Photoelectric Effect

any of various electrical phenomena that occur in substances when the substances are exposed to electromagnetic radiation.

A substance absorbs electromagnetic energy only in discrete portions called quanta, or photons; a quantum is equal to ħω, where ħ is Planck’s constant and ω is the frequency of the radiation. Photoelectric effects occur when the energy of an absorbed photon is expended on a quantum transition of an electron to a higher energy state. Depending on the relationship between the photon energy and the characteristic energies of a substance, such as the atomic and molecular excitation and ionization energies and the electronic work function, the absorption of electromagnetic radiation may give rise to various photoelectric effects.

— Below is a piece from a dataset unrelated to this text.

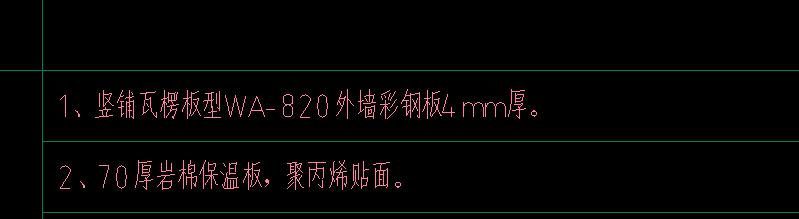 定额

If the photon energy is sufficient only to excite an atom, a change in the dielectric constant of a substance may occur; such a change is called the photodielectric effect. If the photon energy is sufficient to produce nonequilibrium charge carriers in a solid, that is, to produce conduction electrons and holes, the conductivity of the solid is changed (see). An electromotive force (emf) called a photo-emf (see) is generated in inhomogeneous solids, during nonuniform illumination, and in semiconductors placed in a magnetic field (seeKIKOIN-NOSKOV EFFECT). Examples of inhomogeneous solids include semiconductors with a nonuniform impurity distribution, particularly in the region of a p-n junction, near a junction between two dissimilar semiconductors (seeSEMICONDUCTOR HETEROJUNCTION), or near a metal-semiconductor junction. Photoconductivity and a photo-emf may also arise when photons are absorbed by conduction electrons, with the result that the mobility of the electrons is increased (seeMOBILITY OF CHARGE CARRIERS IN SOLIDS).

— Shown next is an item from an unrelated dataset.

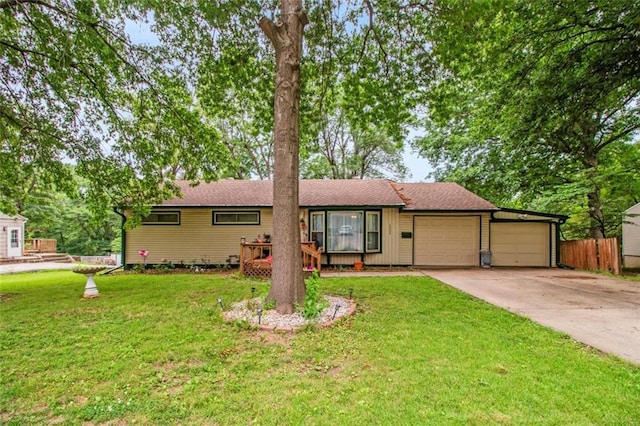 6004 S Claremont Ave, Raytown, MO 64133 - photo 1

If ħω is large enough to ionize the atoms or molecules of a gas, photoionization occurs. When photon energy of such a magnitude is absorbed by the electrons of a liquid or solid, photoemission occurs if the electrons can reach the surface of the liquid or solid and, after overcoming the potential barrier at the surface, escape into a vacuum or some other medium. Photoemission is often referred to as the external photoelectric effect. In contrast to photoemission, any photoelectric effect that results from electronic transitions from bound to quasi-free states within a solid is called an internal photoelectric effect.

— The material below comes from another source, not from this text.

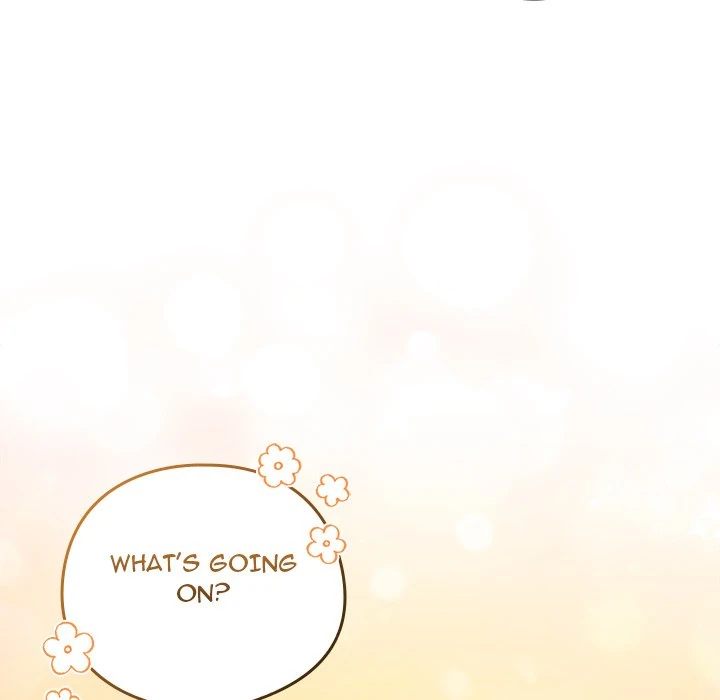Like No Other - Chapter 18 - picture 25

Photoelectric effects should be distinguished from the electrical phenomena that occur when solids are heated by electromagnetic radiation. All photoelectric effects are caused by the disruption of the equilibrium between a system of electrons, on the one hand, and atoms, molecules, or a crystal lattice, on the other hand. The nonequilibrium state of the electron system in a solid is maintained for a certain time after the absorption of a photon; during this time, a photoelectric effect may be observed. Afterward, the excess electron energy is dissipated—for example, it is transferred to the crystal lattice—and an equilibrium corresponding to a higher temperature is established in the solid. Photoelectric effects then vanish but, because of the heating of the solid, certain effects, which are called thermoelectric effects and are similar in their external characteristics to photoelectric effects, arise in the solid. Thermoelectric effects include the temperature dependence of conductivity, the pyroelectric effect (seePYROELECTRICITY), thermionic emission, and the generation of a thermoelectromotive force.

Semiconductors and dielectrics contain few conduction electrons. Therefore, even a small number of photons is sufficient to cause a substantial increase in the amount of electrons or in the electron energy. The heat capacity of a solid’s crystal lattice is very high in comparison with the heat capacity of the conduction-electron “gas.” Consequently, photoelectric effects occur in solids that are not very small when such solids absorb far less electromagnetic energy than is required to observe thermoelectric effects. The rise time of photoelectric effects is many times less than the rise time of thermoelectric effects and, unlike the latter, does not depend on the size of the solid or the quality of the thermal contact with other solids.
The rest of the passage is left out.